State Bank of India grew its home loan book nearly 14% year-on-year, ICICI Bank expanded its mortgage portfolio by 13%, HDFC Bank grew its book by over 6%, and Kotak Mahindra Bank led the pack among private lenders with 18% growth.
Larger banks are leveraging lower funding costs, sharper pricing, and stronger distribution networks to crowd out smaller peers in what has traditionally been a relationship-driven segment.

Smaller banks, however, are finding the arithmetic difficult to justify. Axis Bank’s home loan book grew just 4% year-on-year, Federal Bank’s contracted 1.33%, and Yes Bank’s shrank 1%. “Fifteen-year home loans are getting priced at 7.15% and deposits were going at higher rates than that last quarter,” said KVS Manian, MD, Federal Bank.

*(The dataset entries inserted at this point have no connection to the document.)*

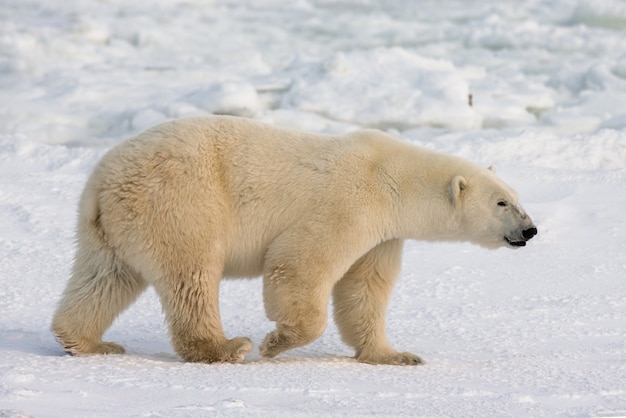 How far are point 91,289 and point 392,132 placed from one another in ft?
22.5

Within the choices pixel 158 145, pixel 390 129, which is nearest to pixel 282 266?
pixel 158 145

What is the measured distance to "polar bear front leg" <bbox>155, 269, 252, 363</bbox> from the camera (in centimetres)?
425

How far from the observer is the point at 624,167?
27.8ft

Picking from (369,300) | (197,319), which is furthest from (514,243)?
(197,319)

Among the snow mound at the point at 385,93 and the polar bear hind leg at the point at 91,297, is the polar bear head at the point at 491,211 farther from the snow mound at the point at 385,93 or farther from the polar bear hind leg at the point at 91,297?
the snow mound at the point at 385,93

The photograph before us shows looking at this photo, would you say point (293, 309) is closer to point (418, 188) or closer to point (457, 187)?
point (418, 188)

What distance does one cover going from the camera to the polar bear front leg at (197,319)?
4.25 metres

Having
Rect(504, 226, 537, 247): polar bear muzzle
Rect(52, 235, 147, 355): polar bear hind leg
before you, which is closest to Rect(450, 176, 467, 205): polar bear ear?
Rect(504, 226, 537, 247): polar bear muzzle

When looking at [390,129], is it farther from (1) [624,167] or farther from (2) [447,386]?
(2) [447,386]

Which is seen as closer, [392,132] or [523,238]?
[523,238]

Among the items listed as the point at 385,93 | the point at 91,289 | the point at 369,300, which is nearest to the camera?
the point at 91,289

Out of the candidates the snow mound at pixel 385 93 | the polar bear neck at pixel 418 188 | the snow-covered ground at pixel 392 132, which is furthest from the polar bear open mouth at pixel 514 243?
the snow mound at pixel 385 93

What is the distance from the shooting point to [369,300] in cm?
468

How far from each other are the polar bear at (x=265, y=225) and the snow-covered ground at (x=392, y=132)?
21 cm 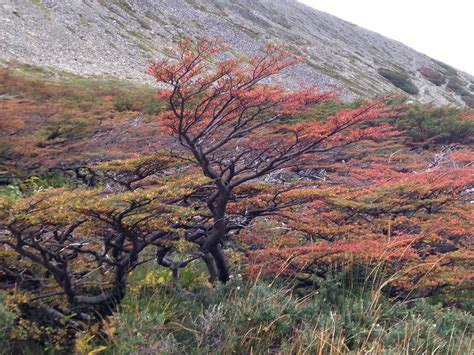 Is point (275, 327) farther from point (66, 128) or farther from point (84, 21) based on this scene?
point (84, 21)

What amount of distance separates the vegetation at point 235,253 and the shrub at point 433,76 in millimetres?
43110

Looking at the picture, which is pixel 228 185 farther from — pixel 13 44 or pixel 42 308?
pixel 13 44

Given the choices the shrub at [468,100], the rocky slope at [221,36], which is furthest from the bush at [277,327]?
the shrub at [468,100]

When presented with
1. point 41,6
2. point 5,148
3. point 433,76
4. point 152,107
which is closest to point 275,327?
point 5,148

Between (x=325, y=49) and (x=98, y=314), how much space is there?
4201 cm

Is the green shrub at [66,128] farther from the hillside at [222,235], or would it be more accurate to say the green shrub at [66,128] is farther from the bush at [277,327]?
the bush at [277,327]

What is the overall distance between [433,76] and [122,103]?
42187 millimetres

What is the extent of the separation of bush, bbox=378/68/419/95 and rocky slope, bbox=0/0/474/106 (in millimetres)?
84

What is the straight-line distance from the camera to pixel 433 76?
1837 inches

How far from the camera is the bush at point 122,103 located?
11.6m

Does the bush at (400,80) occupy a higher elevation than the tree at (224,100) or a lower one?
higher

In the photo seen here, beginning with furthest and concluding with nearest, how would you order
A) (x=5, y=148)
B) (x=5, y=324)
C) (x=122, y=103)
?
(x=122, y=103)
(x=5, y=148)
(x=5, y=324)

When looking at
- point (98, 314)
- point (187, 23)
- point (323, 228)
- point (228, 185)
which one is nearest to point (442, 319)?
point (323, 228)

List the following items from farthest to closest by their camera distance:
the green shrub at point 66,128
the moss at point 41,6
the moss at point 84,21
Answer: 1. the moss at point 84,21
2. the moss at point 41,6
3. the green shrub at point 66,128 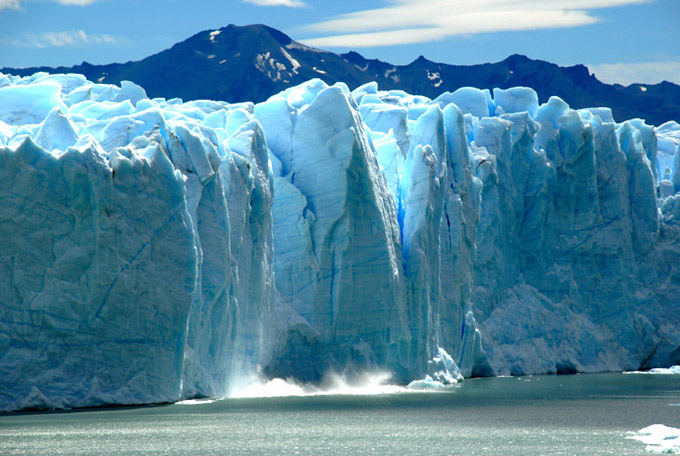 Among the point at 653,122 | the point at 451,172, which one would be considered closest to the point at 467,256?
the point at 451,172

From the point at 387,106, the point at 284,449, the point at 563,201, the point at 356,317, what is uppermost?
the point at 387,106

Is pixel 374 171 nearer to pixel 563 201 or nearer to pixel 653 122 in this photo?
pixel 563 201

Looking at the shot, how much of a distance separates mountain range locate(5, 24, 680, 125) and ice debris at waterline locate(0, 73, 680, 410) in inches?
1011

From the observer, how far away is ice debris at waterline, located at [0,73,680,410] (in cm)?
2169

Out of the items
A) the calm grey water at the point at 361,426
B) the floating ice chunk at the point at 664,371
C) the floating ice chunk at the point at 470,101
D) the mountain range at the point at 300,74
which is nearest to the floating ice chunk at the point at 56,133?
the calm grey water at the point at 361,426

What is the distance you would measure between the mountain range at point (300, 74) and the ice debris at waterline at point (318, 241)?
2569cm

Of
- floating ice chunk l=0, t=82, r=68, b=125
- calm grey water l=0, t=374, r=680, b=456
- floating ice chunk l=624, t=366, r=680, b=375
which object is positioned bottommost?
calm grey water l=0, t=374, r=680, b=456

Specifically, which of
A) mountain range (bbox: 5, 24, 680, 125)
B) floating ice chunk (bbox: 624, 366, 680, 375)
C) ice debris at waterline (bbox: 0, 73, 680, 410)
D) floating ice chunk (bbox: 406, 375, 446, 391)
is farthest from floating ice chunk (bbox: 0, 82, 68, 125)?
mountain range (bbox: 5, 24, 680, 125)

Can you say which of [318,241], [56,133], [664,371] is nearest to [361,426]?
[318,241]

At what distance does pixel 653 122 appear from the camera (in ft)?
225

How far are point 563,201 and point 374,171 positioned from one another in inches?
421

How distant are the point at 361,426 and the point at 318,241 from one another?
7.84 metres

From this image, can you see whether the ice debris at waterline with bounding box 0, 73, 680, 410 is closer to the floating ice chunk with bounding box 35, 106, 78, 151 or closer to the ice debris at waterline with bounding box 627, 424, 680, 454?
the floating ice chunk with bounding box 35, 106, 78, 151

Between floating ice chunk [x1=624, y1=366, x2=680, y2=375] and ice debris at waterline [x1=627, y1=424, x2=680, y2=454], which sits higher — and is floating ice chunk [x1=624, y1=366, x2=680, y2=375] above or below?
above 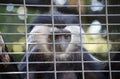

For the large banks, home loans are increasingly being viewed not just as a lending product but as a gateway to a deeper, long-term customer relationship. “From a mortgage book perspective, it is not just the book, but the kind of primary relationship that we are all focusing on and that is going to be a large, sustainable franchise over the long run,” said Sashidhar Jagdishan, MD, HDFC Bank.
ICICI Bank said recent acceleration in mortgage growth reflects a more settled rate environment.